We are committed to complying with the Children’s Online Privacy Protection Act (COPPA). The Website is not directed to children under the age of 13. We do not knowingly collect personal information from children under the age of 13. If a user identifies themselves as a child under the age of 13, we will not collect, store, or use any personal information. If we receive personal information that we discover was provided by a child under the age of 13, we will promptly destroy such information. Schools and parents should supervise their children’s online activities and consider the use of other means to provide a child-friendly, online environment. Additional information is available on the Direct Marketing Association’s home page at http://thedma.org. If you would like to learn more about COPPA, visit the U.S. Federal Trade Commission home page at http://www.ftc.gov.

Transfer of Information Across National Borders

You expressly consent to the transfer of your personal information to, and the collection and processing of such personal information in the United States, Israel, and other countries or territories where we or our vendors operate.

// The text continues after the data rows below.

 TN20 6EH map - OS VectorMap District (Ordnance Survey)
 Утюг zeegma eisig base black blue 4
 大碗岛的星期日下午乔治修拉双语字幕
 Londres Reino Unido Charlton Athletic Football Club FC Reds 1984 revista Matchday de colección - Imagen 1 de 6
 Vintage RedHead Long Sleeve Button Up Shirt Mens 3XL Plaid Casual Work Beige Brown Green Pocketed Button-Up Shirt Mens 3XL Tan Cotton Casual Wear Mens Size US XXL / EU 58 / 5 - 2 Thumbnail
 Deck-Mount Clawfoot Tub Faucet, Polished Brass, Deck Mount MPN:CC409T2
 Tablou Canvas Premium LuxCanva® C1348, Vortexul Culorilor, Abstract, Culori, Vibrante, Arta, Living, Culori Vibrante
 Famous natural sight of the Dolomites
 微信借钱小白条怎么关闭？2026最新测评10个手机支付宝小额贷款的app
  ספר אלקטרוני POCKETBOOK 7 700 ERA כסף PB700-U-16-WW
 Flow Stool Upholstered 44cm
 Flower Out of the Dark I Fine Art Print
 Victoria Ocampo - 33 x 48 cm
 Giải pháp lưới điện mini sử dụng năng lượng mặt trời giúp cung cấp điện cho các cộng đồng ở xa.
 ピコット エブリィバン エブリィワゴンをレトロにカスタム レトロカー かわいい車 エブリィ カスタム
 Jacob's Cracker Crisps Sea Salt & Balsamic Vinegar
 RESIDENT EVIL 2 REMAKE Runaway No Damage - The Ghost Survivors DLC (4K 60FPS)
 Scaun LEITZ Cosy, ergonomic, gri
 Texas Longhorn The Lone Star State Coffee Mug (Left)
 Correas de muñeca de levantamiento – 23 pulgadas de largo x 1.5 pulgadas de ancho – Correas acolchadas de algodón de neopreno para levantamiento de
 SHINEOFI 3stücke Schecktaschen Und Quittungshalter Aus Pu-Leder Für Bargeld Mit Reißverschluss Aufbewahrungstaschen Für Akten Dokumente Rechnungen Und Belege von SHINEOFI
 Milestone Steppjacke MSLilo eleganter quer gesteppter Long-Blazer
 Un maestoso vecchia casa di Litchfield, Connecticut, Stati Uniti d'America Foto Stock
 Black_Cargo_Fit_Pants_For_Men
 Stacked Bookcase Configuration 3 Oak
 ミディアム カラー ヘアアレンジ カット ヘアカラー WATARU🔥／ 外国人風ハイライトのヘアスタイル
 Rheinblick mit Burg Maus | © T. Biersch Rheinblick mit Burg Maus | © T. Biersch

In giving this consent, you acknowledge that you understand that the laws on holding, processing, using, and transferring personal information in the United States may vary and be less protective of your privacy than laws of your state or country.

How to Contact Us

You may contact us with questions or comments about our Website Privacy Policy by email at info@chiasmapharma.com.

Please note that communications to this email address will not constitute legal notice to us or any of our officers, employees, agents, or representatives in any situation where notice to us is required by contract or any law or regulation.

Finally, we urge you to read this Website Privacy Policy in full as well as our Website Terms of Use and Chiasma Privacy Shield Policy for complete details about our policies concerning the collection and use of your information.